Crisis and Renewal in the History of European Political Thought
Author:
Publisher: BRILL
ISBN: 9004466878
Category : Philosophy
Languages : en
Pages : 397
Book Description
This volume advances a better, more historical and contextual, manner to consider not only the present, but also the future of ‘crisis’ and ‘renewal’ as key concepts of our political language as well as fundamental categories of interpretation.
Publisher: BRILL
ISBN: 9004466878
Category : Philosophy
Languages : en
Pages : 397
Book Description
This volume advances a better, more historical and contextual, manner to consider not only the present, but also the future of ‘crisis’ and ‘renewal’ as key concepts of our political language as well as fundamental categories of interpretation.

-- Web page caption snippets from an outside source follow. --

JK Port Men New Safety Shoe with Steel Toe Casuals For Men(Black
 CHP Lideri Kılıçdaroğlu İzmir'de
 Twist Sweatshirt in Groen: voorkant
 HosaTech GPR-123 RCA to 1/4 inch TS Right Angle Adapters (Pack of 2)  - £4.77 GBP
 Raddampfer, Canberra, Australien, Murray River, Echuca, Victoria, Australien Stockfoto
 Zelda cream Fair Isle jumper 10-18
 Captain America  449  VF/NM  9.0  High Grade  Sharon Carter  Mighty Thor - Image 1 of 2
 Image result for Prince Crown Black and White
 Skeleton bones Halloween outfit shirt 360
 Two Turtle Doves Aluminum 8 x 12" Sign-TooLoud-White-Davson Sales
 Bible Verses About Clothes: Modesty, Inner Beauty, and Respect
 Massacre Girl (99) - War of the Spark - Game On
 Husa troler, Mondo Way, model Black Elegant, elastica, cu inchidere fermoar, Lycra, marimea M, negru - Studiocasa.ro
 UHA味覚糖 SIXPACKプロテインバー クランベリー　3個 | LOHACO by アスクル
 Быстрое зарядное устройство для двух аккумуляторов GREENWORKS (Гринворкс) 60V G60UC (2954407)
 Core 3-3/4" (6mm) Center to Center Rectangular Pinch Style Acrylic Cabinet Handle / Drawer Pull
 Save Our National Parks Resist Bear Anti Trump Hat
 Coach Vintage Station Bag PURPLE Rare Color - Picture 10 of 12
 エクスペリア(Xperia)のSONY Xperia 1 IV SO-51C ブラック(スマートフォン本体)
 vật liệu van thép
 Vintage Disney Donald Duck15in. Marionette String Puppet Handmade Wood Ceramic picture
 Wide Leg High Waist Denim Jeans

The Prose Works of Jonathan Swift
The Ranuzzi Manuscripts
Author: Maria Xenia Zevelechi Wells
Publisher:
ISBN:
Category : Reference
Languages : en
Pages : 108
Book Description
Publisher:
ISBN:
Category : Reference
Languages : en
Pages : 108
Book Description
New York Times Saturday Book Review Supplement
A Discourse of Trade, from England Unto the East-Indies
Author: Thomas Mun
Publisher: Augustus m Kelley Pubs
ISBN: 9780678008737
Category : East Indies
Languages : en
Pages : 58
Book Description
Publisher: Augustus m Kelley Pubs
ISBN: 9780678008737
Category : East Indies
Languages : en
Pages : 58
Book Description
Cooking and Dining in Imperial Rome
Author: Apicius
Publisher: Bigfontbooks
ISBN: 9781963956597
Category : Cooking
Languages : en
Pages : 0
Book Description
Perhaps assembled around the fifth century CE or earlier, Apicius, often known as De re culinaria or De re coquinaria (On the Subject of Cooking), is a body of Roman cooking recipes. With subsequent recipes adding Vulgar Latin (such as ficatum and bullire) to earlier recipes employing Classical Latin, its vocabulary is in many respects closer to Vulgar than to Classical Latin.Based on the fact that one of the two manuscripts is headed with the words "API CAE," or rather, because a few recipes are attributed to Apicius in the text, the book has been ascribed to an otherwise unknown Caelius Apicius: Patinam Apicianam sic facies (IV, 14). It has alternatively been ascribed to Marcus Gavius Apicius, a Roman gourmet who flourished during Tiberius's rule sometime in the first century CE. Furthermore, numerous Roman chefs from the first century CE could have penned the book.
Publisher: Bigfontbooks
ISBN: 9781963956597
Category : Cooking
Languages : en
Pages : 0
Book Description
Perhaps assembled around the fifth century CE or earlier, Apicius, often known as De re culinaria or De re coquinaria (On the Subject of Cooking), is a body of Roman cooking recipes. With subsequent recipes adding Vulgar Latin (such as ficatum and bullire) to earlier recipes employing Classical Latin, its vocabulary is in many respects closer to Vulgar than to Classical Latin.Based on the fact that one of the two manuscripts is headed with the words "API CAE," or rather, because a few recipes are attributed to Apicius in the text, the book has been ascribed to an otherwise unknown Caelius Apicius: Patinam Apicianam sic facies (IV, 14). It has alternatively been ascribed to Marcus Gavius Apicius, a Roman gourmet who flourished during Tiberius's rule sometime in the first century CE. Furthermore, numerous Roman chefs from the first century CE could have penned the book.